Give back, word for word, the line that contains "Vintage Baby Brewing" and every line that follows it in the data below.

Source information below:

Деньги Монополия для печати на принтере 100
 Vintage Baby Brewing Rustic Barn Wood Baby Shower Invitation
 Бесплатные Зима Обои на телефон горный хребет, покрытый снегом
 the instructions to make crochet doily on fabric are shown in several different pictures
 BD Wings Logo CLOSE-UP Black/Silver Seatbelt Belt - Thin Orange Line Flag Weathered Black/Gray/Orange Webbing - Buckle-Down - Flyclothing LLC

End of Source information.

### Written answer:
 Vintage Baby Brewing Rustic Barn Wood Baby Shower Invitation
 Бесплатные Зима Обои на телефон горный хребет, покрытый снегом
 the instructions to make crochet doily on fabric are shown in several different pictures
 BD Wings Logo CLOSE-UP Black/Silver Seatbelt Belt - Thin Orange Line Flag Weathered Black/Gray/Orange Webbing - Buckle-Down - Flyclothing LLC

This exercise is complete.